Schedule H, which became fully effective August 1, 1989, requires the reporting of price and volume information for principal transactions in non-NASDAQ securities whenever a member exceeds the minimum daily thresholds of 50,000 shares or $10,000, on either side, in a given non-NASDAQ security. All non-NASDAQ equity securities, including foreign securities, are subject to the requirements of Schedule H. Since its effectiveness, questions have been raised regarding the applicability of the Schedule to foreign securities and certain foreign securities transactions. The NASD has decided to publish the following guidelines to clarify the requirements and to assist members in complying with the Schedule.

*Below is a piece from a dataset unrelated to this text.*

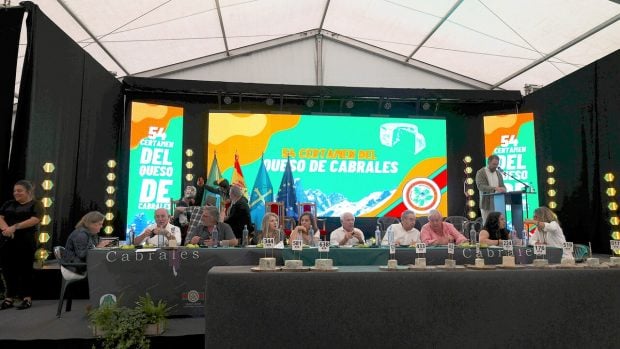 queso cabrales premio nacho sandoval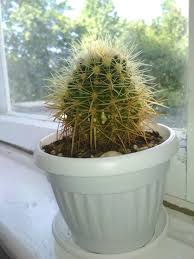 Barrel cactus are the classic desert denizens of lore. Ask A Question Forum Golden Barrel Cactus White Spots And Discoloration Garden Org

1. Schedule H applies only to principal transactions effected by NASD members.
2. The term "non-NASDAQ security" includes all foreign equity securities, American Depositary Receipts, or shares traded in the U.S. other than on NASDAQ or on a national securities exchange. Foreign exchanges are not "national securities exchanges," as that term is used in the Schedule H definition of non-NASDAQ security. Therefore, the fact that a foreign security is also traded on a foreign exchange does not, per se, exclude all transactions in that security from the Schedule's coverage.
3. Schedule H is applicable to transactions in foreign securities executed in the U.S., regardless of the country where clearance and settlement occur.
4. Schedule H is not applicable to any transaction involving a foreign security that is executed outside the U.S. and cleared and settled in the U.S. if the transaction is reportable, and is reported, to a foreign regulatory securities authority (e.g., The Securities Association in the United Kingdom).
5. Schedule H is not applicable to transactions in foreign securities executed on and reported to a foreign securities exchange (e.g., the International Stock Exchange, the Tokyo Stock Exchange, Toronto Stock Exchange, Stock Exchange of Singapore, Hong Kong Stock Exchange, etc.).
6. The type of currency in which the trade is effected or in which the trade settles has no bearing on whether the trade is reportable under Schedule H.
7. All trades reported under Schedule H must be reported in U.S. dollars. The method employed for currency conversion will be left to the NASD member.
8. The time a trade is effected, whether during or outside U.S. market hours, has no bearing on whether the trade is reportable under Schedule H.

The NASD is also clarifying the general application of the requirement in the following circumstances.

1. Schedule H does not apply to transactions in "restricted securities" as defined in Rule 144(a)(3) of the Securities Act of 1933, including transactions made pursuant to Rule 144A.
2. Schedule H does not apply to bonds, including convertible bonds.
3. Schedule H does not apply to "junk bonds" with rights attached or any combination of securities of which a debt instrument is an integral part. Schedule H will apply to transactions in the equity components when they become detached and trade separately.
4. Schedule H does apply to preferred stock, rights, and warrants.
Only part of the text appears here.